I'm pretty sure that the double blip hypothesis is correct, it lines up with my observations quite nicely, however, I have not been able to observe this on my oscilloscope, although that's probably due to it being a pretty crappy oscilloscope and me not really understanding how to use it.

how does one solve a double blip? my best solution would be to split up the clock cycle. every other clock pulse would increment the program counter. the in between clock pulses would become a load clock that would be only be used to perform loads. I think I've got that circuit figured out, but I'll save that for another post.

if anyone has any ideas about how to catch the double blip with rudimentary tools, feel free to comment/message me. It would be nice to have direct confirmation before attempting to build some more logic.

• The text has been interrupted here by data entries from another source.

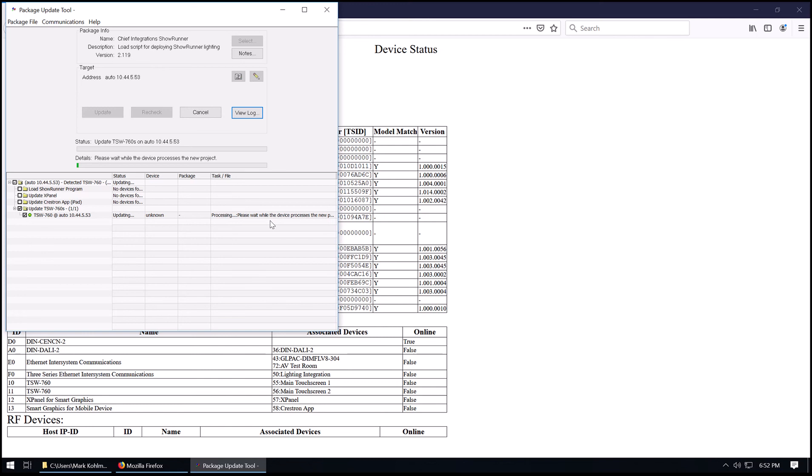And the touch panel will go ahead and load that in the background. It'll come online, assuming the IP table is set up and the network connectivity to the processor is good. And that concludes the loading of Showrunner. Thank you.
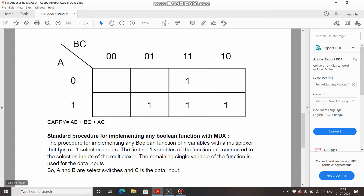In the full adder we have three bits A, B, and C. As per the rule, there will be n minus one, that is three minus one, which equals two selection inputs. When there are two selection inputs there will be four data lines, and this third input C is used for the data inputs.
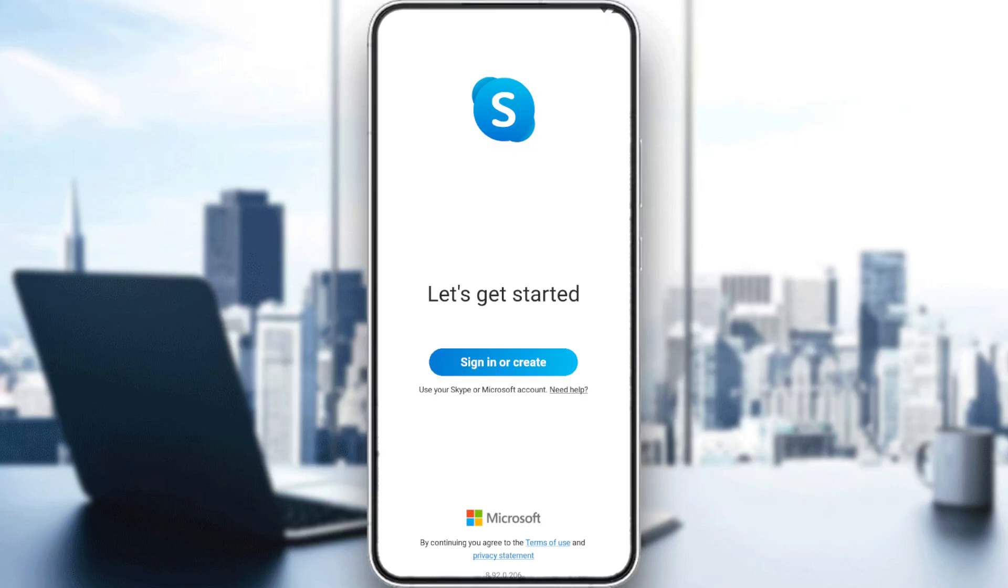Hi, in today's tutorial I'm going to show you how to flip your camera on the Skype application.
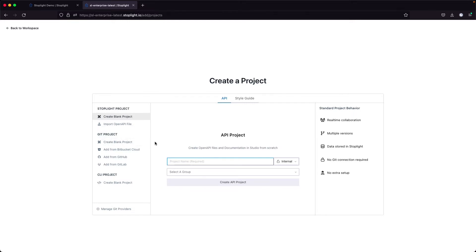We can also connect to a git environment. There are a number of different git environments set up in my demo environment here. You can set those up in the settings menu, and once you have set them up, you can connect here from the create a project menu to one of those git projects. Finally, we can create CLI projects, which allow us to push content directly into Stoplight.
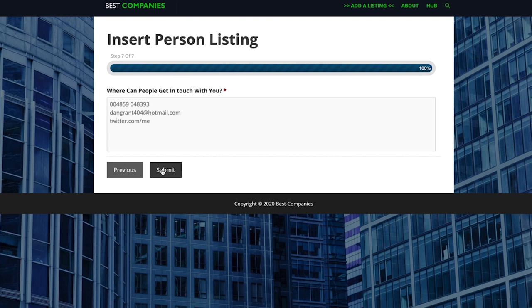It does maybe take a while to actually submit and get onto the site. If you keep refreshing you should see your actual individual listing on there ready to go. And that's literally all it is to it guys.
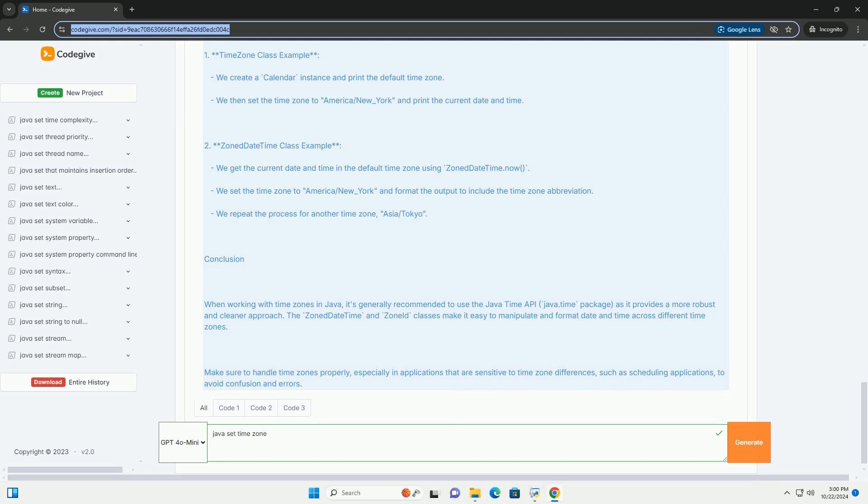Using Java Time API: The Java Time API is the recommended way to handle dates and times in Java 8 and later. Here's how to set and use a time zone using ZonedDateTime and ZoneId. Example with ZonedDateTime:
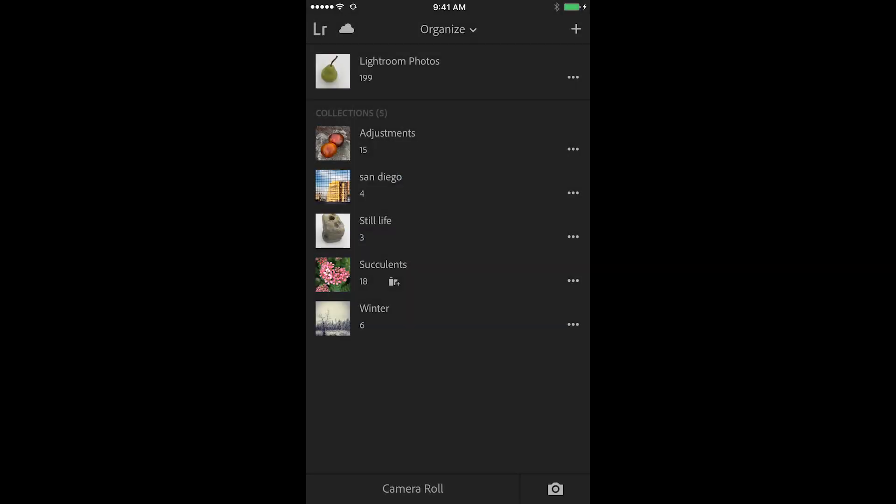Hi and welcome. My name is Julianne Kost and in the next few minutes we're going to take a look at how we can share individual photos or a gallery of images using Lightroom Mobile.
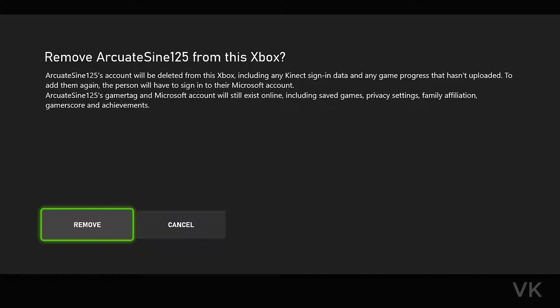Tapping Remove — the username from this Xbox account will be deleted from this Xbox, including any sign-in data and any game progress that has not been uploaded. Your Gamertag and Microsoft account will still exist online, so your account will still exist. It will just be removing the user ID from your Xbox console.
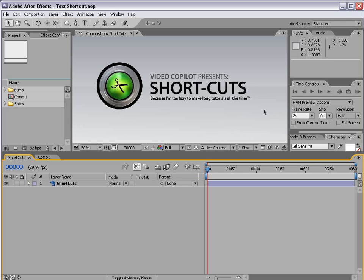Hey, what's up? Andrew Kramer here for VideoCopilot.net and welcome to another Shortcuts episode where we provide short quick tips for everyday After Effects users.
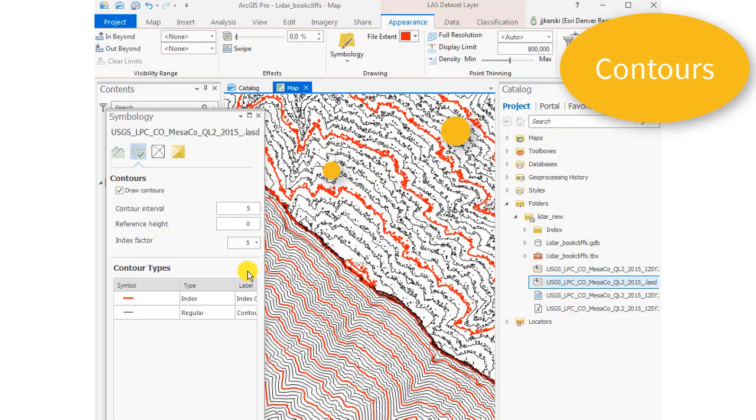We have now made a symbolized elevation map. We've made a slope map, an aspect map, and a contour map. Thanks.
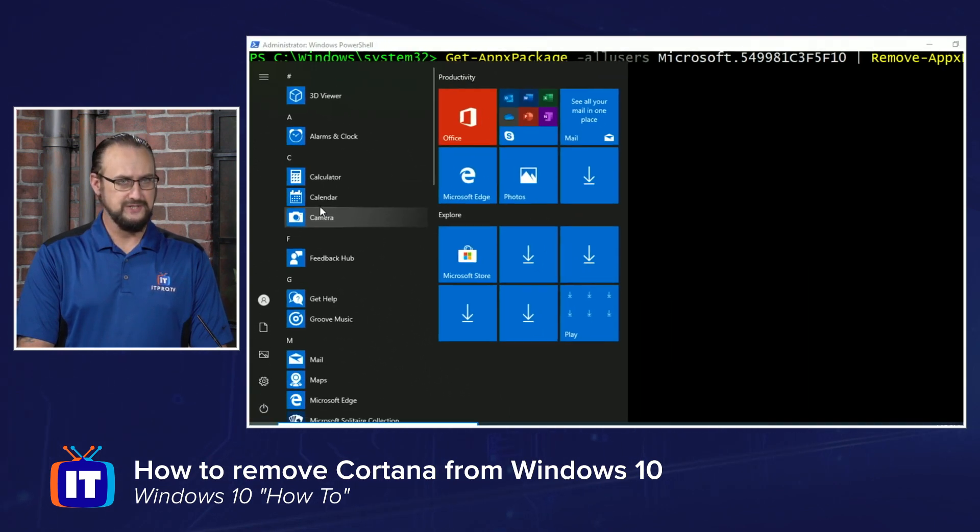A very easy way to kick Cortana to the curb if you're tired of her. Check out the Windows 10 how-to playlist for more videos like this, and be sure to subscribe to the ITProTV channel.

***edit: I may have caught the double blip with my logic probe

I successfully executed an instruction for the very first time. There are still some bugs to work out, but the first program shouldn't be very far off. the first instruction I executed was a load of the @ register. basically what I did was load the binary numbers 0-15 into the upper nybble of ROM, I then connected the output to the @ register input bus, and applied the clock signal. for this demo I connected the @ register load bit to the clock. eventually this will be connected to the control logic, but before that can happen I have some timing issues to fix in regards to the output of the control logic multiplexer. It shouldn't be long before this runs it's first program.